Instructions for the task: Could you retype the lines below, starting at the line holding "Potret Lyodra Ginting" and stopping at the line holding "6093 Pointe Regal", inclusive? Copy them exactly and drop the images.

Records for this exercise:
[Start of section]

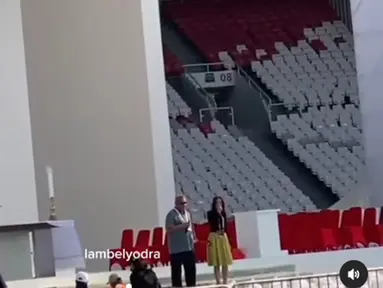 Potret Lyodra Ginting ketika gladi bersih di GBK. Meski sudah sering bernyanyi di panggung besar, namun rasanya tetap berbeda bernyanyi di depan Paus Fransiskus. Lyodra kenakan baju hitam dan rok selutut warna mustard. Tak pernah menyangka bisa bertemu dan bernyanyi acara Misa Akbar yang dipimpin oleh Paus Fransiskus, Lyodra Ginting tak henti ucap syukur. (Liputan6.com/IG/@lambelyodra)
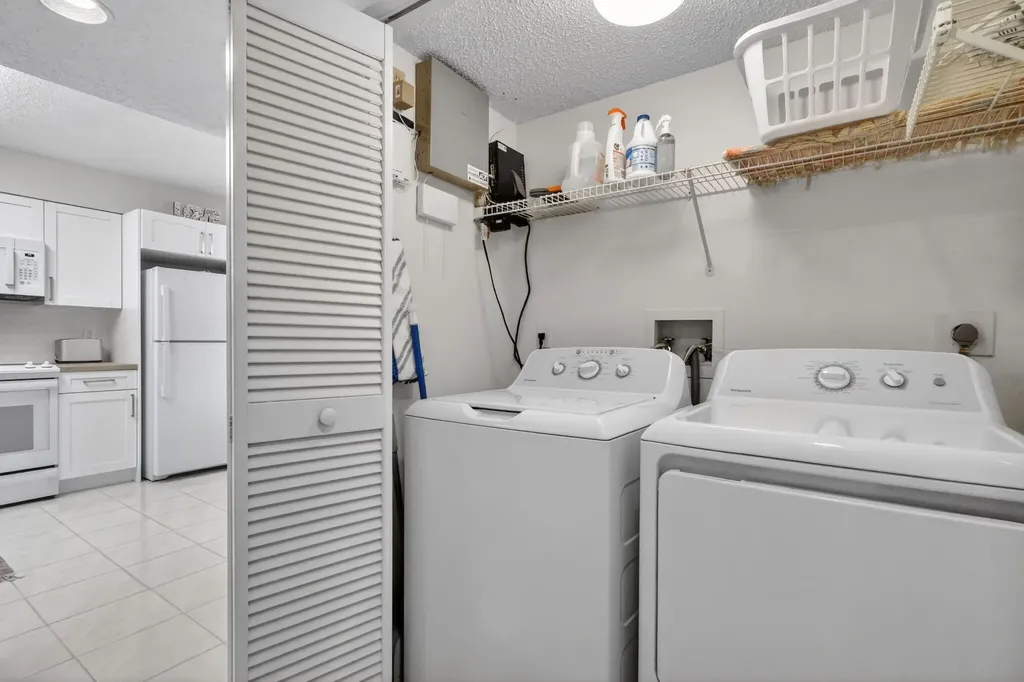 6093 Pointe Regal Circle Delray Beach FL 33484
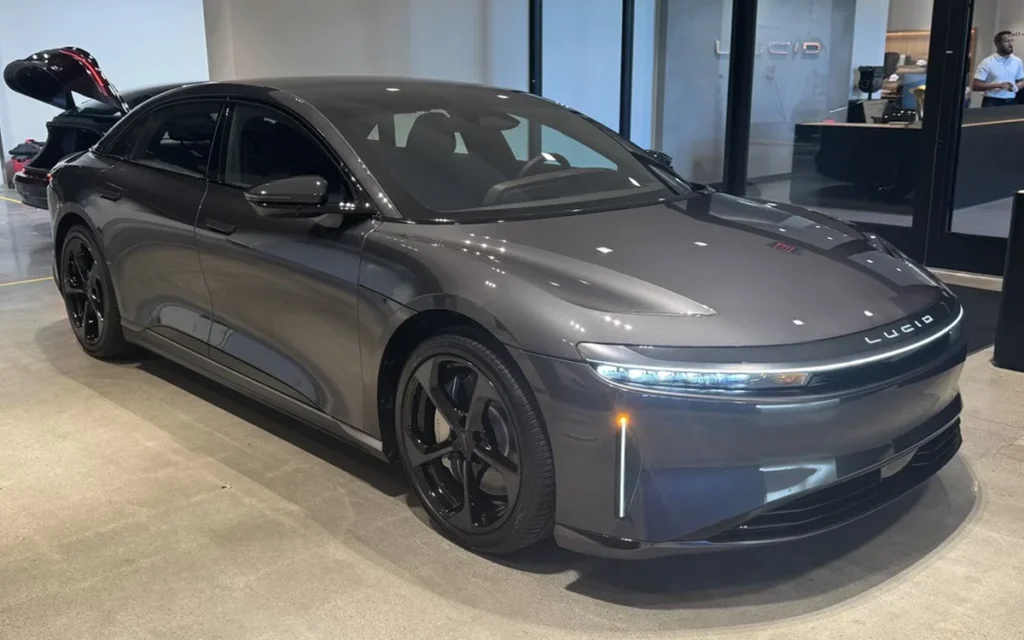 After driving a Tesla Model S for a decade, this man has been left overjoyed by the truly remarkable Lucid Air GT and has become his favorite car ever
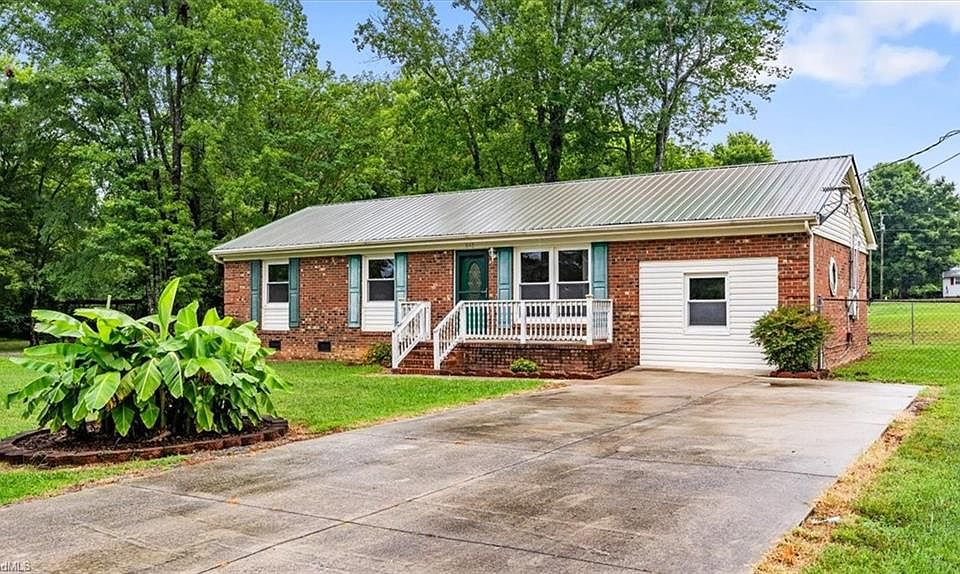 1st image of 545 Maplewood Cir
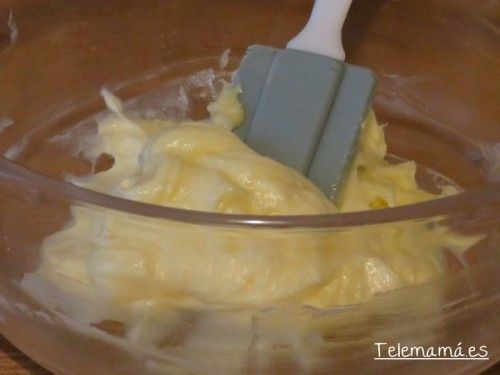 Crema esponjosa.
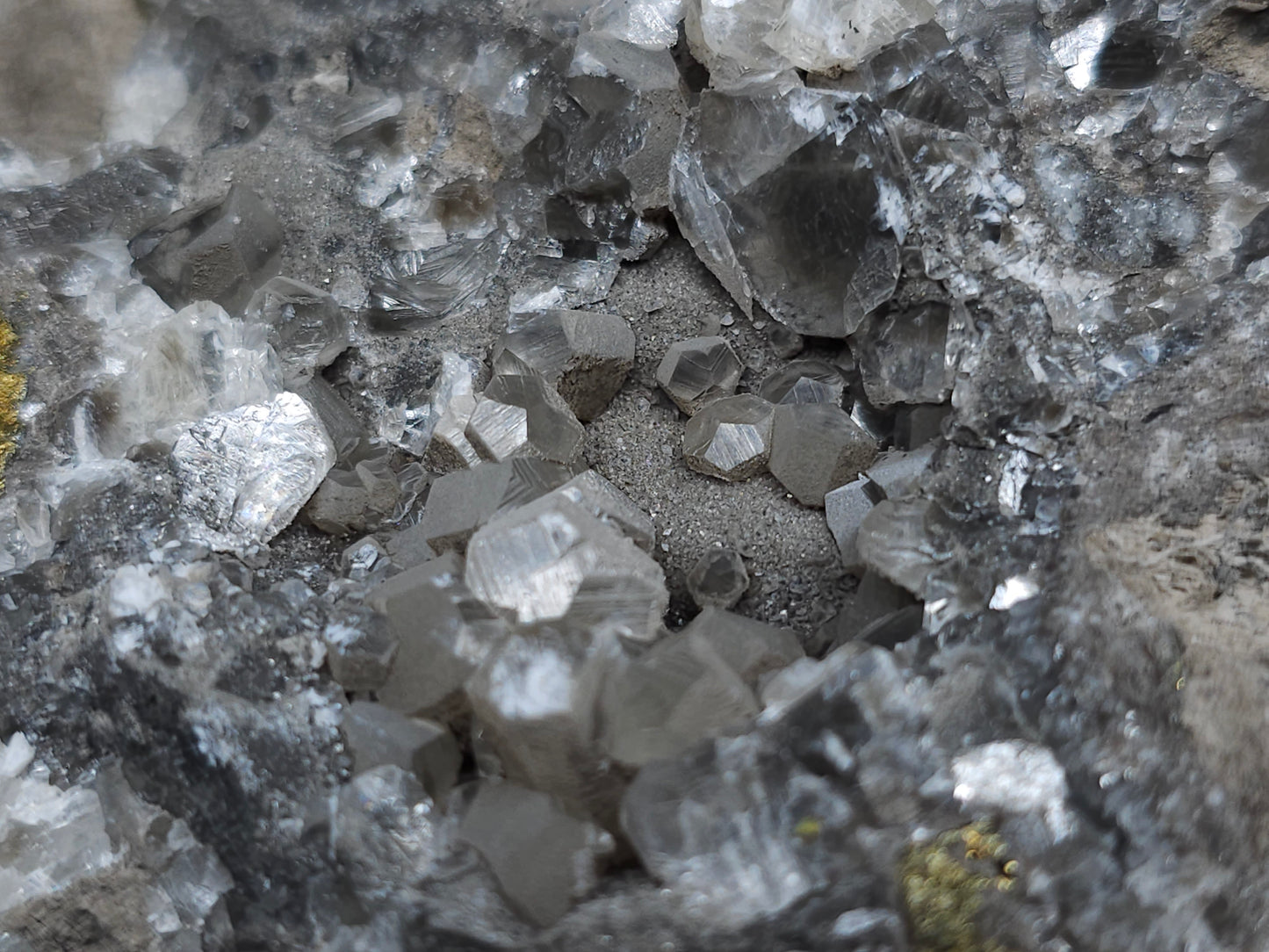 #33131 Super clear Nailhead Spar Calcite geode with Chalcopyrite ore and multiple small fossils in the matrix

[End of section]
[Start of section]

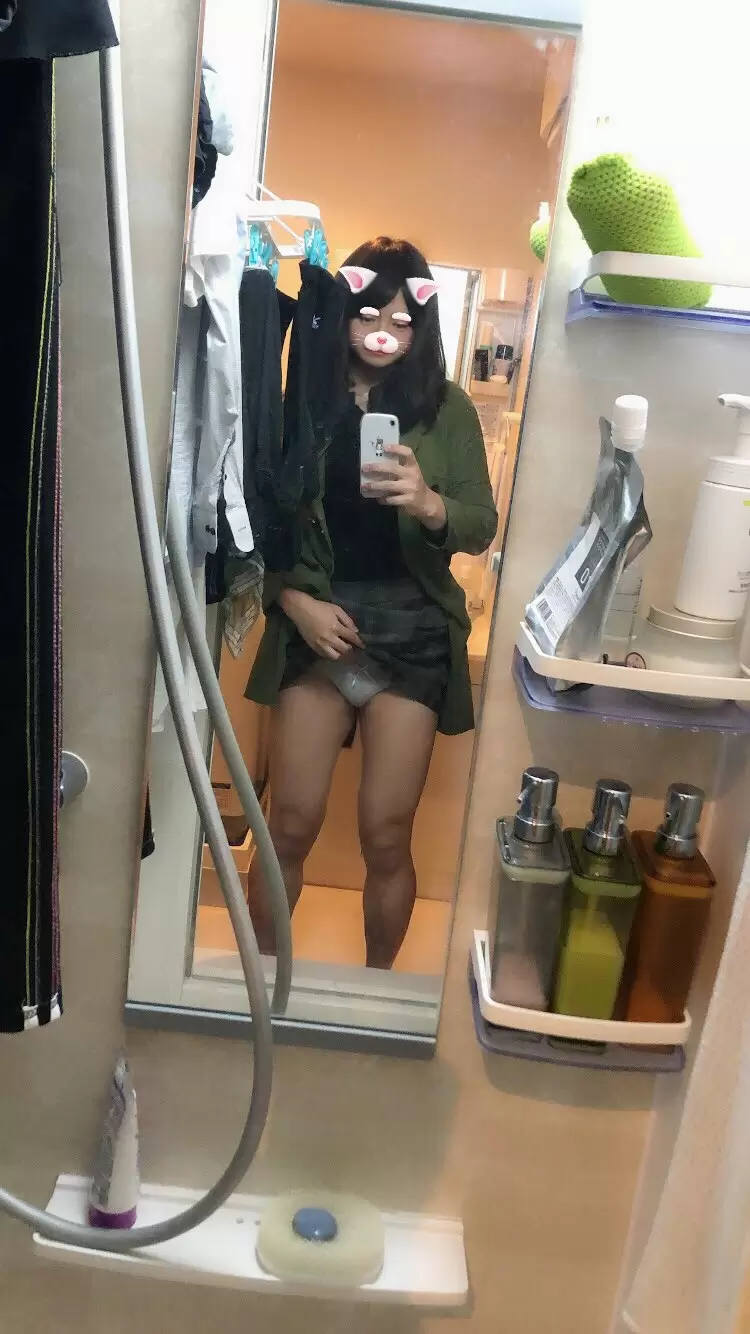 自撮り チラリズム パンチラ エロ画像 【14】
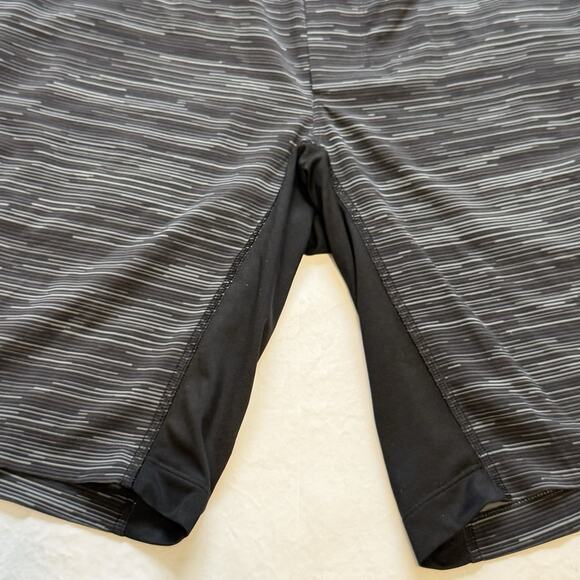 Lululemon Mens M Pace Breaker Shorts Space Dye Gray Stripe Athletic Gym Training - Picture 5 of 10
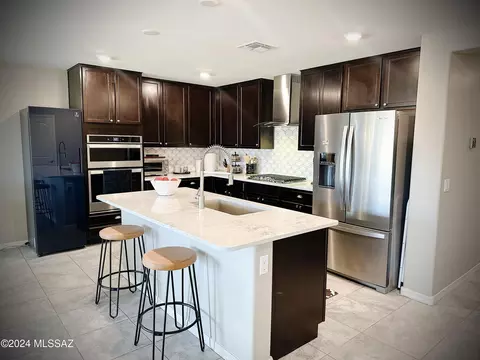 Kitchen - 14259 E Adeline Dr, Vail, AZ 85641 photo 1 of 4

[End of section]

Solution to the problem:
 Potret Lyodra Ginting ketika gladi bersih di GBK. Meski sudah sering bernyanyi di panggung besar, namun rasanya tetap berbeda bernyanyi di depan Paus Fransiskus. Lyodra kenakan baju hitam dan rok selutut warna mustard. Tak pernah menyangka bisa bertemu dan bernyanyi acara Misa Akbar yang dipimpin oleh Paus Fransiskus, Lyodra Ginting tak henti ucap syukur. (Liputan6.com/IG/@lambelyodra)
 6093 Pointe Regal Circle Delray Beach FL 33484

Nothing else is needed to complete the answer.